▼
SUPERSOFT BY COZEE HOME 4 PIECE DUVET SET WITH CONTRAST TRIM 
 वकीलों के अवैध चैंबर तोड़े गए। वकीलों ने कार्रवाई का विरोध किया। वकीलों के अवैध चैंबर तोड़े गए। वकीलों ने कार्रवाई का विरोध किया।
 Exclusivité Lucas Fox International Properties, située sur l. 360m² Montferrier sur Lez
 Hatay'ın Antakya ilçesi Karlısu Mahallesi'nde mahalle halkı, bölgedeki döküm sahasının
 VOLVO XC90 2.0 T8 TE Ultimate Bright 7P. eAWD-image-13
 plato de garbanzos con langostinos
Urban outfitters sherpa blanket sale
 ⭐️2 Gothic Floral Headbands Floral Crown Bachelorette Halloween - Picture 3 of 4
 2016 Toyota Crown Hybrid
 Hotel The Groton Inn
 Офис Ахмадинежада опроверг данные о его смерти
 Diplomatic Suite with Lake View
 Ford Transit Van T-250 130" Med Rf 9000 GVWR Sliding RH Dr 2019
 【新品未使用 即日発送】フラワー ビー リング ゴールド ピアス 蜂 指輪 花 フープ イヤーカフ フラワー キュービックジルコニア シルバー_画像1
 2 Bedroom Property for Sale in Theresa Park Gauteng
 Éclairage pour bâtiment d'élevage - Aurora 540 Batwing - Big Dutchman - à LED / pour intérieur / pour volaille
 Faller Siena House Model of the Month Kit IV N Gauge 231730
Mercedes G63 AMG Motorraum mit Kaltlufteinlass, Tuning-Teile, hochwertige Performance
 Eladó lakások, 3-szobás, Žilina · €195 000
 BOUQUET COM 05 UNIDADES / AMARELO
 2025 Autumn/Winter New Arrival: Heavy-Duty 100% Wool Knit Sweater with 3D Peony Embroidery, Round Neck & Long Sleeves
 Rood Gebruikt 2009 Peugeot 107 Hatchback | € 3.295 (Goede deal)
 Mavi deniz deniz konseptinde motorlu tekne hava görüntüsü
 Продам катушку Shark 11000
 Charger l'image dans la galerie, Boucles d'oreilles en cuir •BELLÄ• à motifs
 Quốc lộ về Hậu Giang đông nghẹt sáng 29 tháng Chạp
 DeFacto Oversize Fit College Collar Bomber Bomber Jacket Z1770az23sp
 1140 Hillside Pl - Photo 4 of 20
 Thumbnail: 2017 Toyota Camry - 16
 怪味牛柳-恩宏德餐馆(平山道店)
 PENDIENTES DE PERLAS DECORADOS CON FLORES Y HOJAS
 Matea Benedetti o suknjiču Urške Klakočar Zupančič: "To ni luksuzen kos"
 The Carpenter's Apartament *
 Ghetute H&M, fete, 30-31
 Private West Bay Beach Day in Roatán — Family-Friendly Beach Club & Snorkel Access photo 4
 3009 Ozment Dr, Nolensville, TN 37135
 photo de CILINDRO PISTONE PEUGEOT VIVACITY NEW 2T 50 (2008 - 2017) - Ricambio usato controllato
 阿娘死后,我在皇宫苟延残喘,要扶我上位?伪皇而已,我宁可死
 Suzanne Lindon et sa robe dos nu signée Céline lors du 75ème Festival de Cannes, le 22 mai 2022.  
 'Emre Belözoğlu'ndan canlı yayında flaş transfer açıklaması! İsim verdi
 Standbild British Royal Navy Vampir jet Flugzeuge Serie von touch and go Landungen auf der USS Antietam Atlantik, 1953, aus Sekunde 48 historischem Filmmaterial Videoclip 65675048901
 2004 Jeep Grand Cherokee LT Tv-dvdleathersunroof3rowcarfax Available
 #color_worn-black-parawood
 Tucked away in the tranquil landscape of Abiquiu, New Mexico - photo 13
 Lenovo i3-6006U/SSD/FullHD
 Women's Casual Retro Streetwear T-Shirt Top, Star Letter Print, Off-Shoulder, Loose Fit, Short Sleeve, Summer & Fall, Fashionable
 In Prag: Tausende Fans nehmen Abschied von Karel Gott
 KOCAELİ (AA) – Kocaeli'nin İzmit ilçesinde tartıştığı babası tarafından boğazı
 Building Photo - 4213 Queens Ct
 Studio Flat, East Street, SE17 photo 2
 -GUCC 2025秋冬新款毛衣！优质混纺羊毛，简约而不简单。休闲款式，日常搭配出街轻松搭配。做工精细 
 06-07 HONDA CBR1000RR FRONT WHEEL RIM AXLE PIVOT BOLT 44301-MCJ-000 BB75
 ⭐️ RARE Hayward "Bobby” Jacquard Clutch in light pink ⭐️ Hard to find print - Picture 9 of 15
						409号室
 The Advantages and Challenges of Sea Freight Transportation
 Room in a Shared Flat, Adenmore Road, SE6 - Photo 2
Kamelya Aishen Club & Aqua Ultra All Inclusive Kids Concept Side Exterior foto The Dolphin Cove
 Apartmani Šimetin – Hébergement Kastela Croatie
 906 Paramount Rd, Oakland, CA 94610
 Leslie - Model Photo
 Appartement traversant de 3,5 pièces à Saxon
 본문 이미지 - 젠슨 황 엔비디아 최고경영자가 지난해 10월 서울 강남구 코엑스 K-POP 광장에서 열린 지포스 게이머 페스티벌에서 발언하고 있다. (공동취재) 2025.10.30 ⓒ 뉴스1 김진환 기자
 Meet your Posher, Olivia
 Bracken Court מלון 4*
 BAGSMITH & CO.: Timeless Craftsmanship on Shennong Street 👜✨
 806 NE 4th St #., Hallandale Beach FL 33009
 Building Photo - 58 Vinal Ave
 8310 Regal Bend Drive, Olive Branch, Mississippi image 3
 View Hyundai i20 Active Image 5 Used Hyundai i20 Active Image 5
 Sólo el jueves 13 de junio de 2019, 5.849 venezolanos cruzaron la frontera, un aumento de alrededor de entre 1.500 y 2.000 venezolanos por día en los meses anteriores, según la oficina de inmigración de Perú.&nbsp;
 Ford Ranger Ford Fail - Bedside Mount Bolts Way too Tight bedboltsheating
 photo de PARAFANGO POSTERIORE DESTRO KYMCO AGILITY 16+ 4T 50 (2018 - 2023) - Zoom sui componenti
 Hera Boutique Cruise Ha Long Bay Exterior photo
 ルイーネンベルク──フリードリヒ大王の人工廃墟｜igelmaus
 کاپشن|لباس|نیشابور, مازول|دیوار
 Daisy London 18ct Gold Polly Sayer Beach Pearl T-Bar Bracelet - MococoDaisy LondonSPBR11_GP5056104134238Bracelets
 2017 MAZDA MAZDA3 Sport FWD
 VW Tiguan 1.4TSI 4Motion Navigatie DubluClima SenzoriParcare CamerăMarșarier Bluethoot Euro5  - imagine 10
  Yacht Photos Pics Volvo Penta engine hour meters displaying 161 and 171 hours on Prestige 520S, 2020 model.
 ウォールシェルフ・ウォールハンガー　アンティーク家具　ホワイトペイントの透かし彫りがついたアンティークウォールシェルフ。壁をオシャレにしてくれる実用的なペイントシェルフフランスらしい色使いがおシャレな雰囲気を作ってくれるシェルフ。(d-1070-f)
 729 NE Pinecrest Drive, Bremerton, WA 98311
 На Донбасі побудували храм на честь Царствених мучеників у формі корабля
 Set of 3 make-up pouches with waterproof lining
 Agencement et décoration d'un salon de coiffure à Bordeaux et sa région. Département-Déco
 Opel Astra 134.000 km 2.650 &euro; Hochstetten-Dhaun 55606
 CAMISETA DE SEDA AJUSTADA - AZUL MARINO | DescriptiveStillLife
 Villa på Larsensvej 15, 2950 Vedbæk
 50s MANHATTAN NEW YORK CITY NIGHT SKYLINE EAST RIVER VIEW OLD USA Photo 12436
▲
* AIM OF THE TASK: Please copy, exactly and with nothing else, the lines above beginning at the line that has "BOUQUET COM 05 UNIDADES / AMARELO" and ending with the line that has "Matea Benedetti o".

* REPLY:
 BOUQUET COM 05 UNIDADES / AMARELO
 2025 Autumn/Winter New Arrival: Heavy-Duty 100% Wool Knit Sweater with 3D Peony Embroidery, Round Neck & Long Sleeves
 Rood Gebruikt 2009 Peugeot 107 Hatchback | € 3.295 (Goede deal)
 Mavi deniz deniz konseptinde motorlu tekne hava görüntüsü
 Продам катушку Shark 11000
 Charger l'image dans la galerie, Boucles d'oreilles en cuir •BELLÄ• à motifs
 Quốc lộ về Hậu Giang đông nghẹt sáng 29 tháng Chạp
 DeFacto Oversize Fit College Collar Bomber Bomber Jacket Z1770az23sp
 1140 Hillside Pl - Photo 4 of 20
 Thumbnail: 2017 Toyota Camry - 16
 怪味牛柳-恩宏德餐馆(平山道店)
 PENDIENTES DE PERLAS DECORADOS CON FLORES Y HOJAS
 Matea Benedetti o suknjiču Urške Klakočar Zupančič: "To ni luksuzen kos"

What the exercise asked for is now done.